--- Work instructions ---
Leaving out every picture, please repeat exactly the line that contains "2024 POKEMON SSP" and each line after it through the final line below.
---
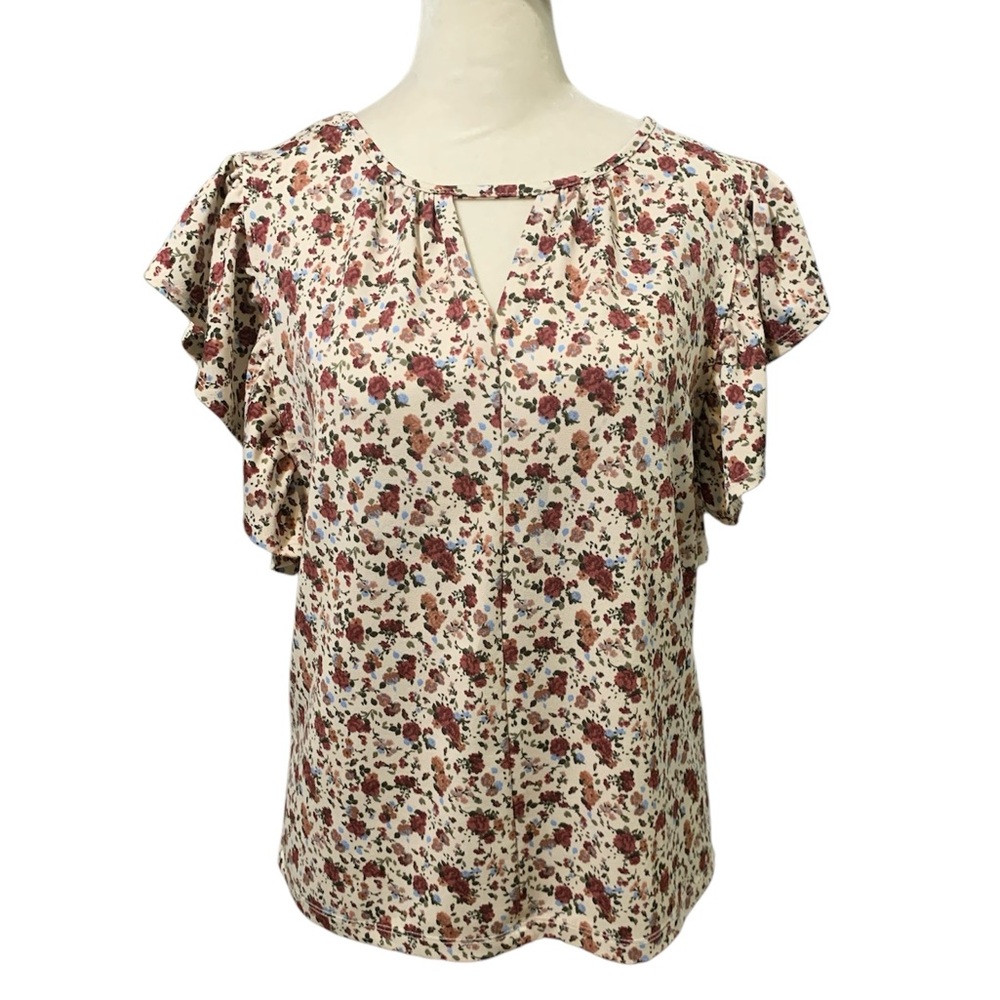 SO Beige Floral Keyhole Cutout Round Neck Flutter Short Sleeve Top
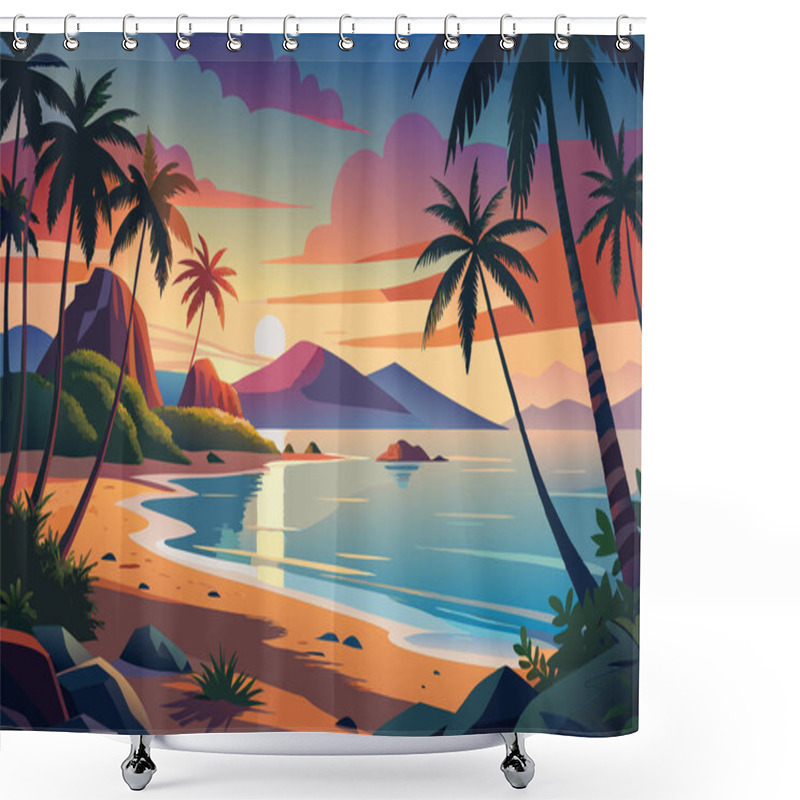 Personality  Summer Tropical Beach Landscape Background Shower Curtains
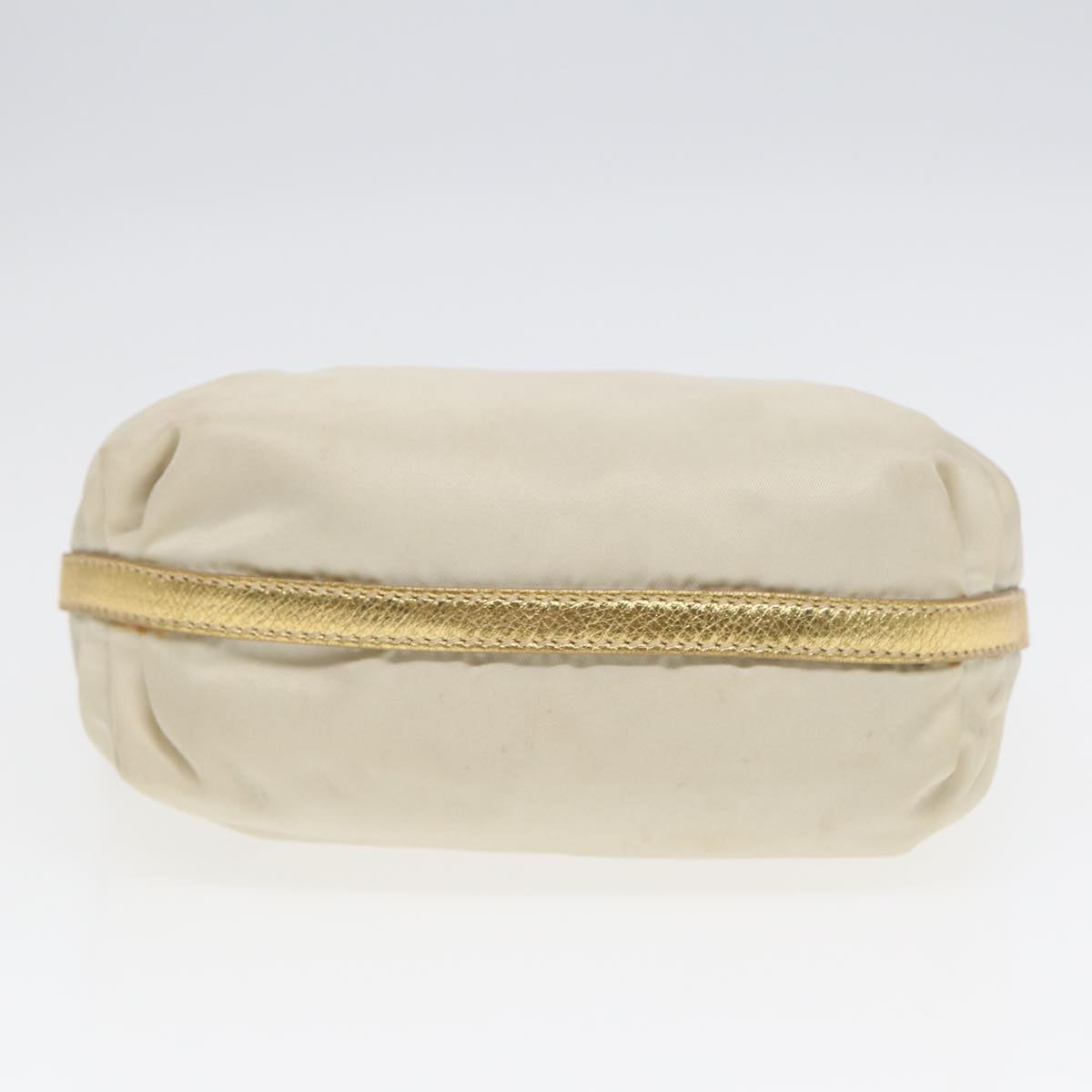 PRADA Hand Bag Nylon Cream Gold Auth 90344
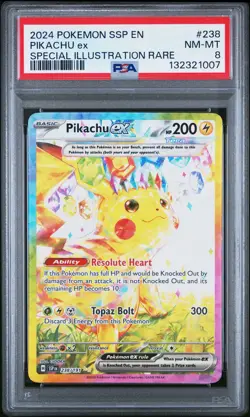 2024 POKEMON SSP EN-SURGING SPARKS SPECIAL ILLUSTRATION RARE PIKACHU EX PSA 8 - Image 1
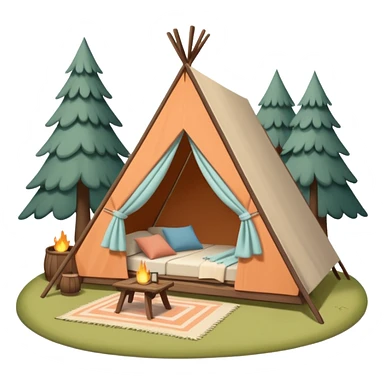 A-Frame house in a glamping setting, with a tent and outdoor furniture sticker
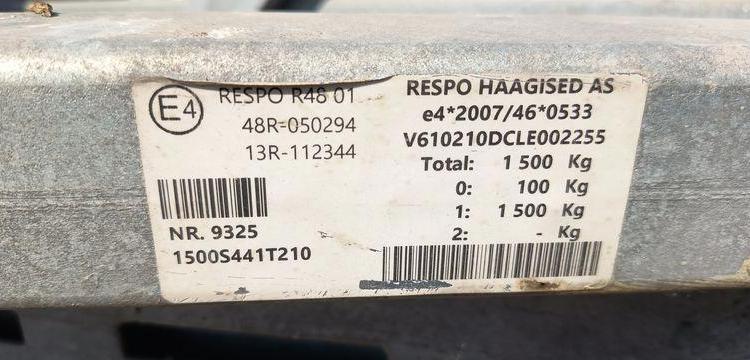 RESPO PORTE TOURET 1 ESSIEU – PTAC 1,5 TONNE  FV-836-MN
---
--- Answer to this problem ---
 2024 POKEMON SSP EN-SURGING SPARKS SPECIAL ILLUSTRATION RARE PIKACHU EX PSA 8 - Image 1
 A-Frame house in a glamping setting, with a tent and outdoor furniture sticker
 RESPO PORTE TOURET 1 ESSIEU – PTAC 1,5 TONNE  FV-836-MN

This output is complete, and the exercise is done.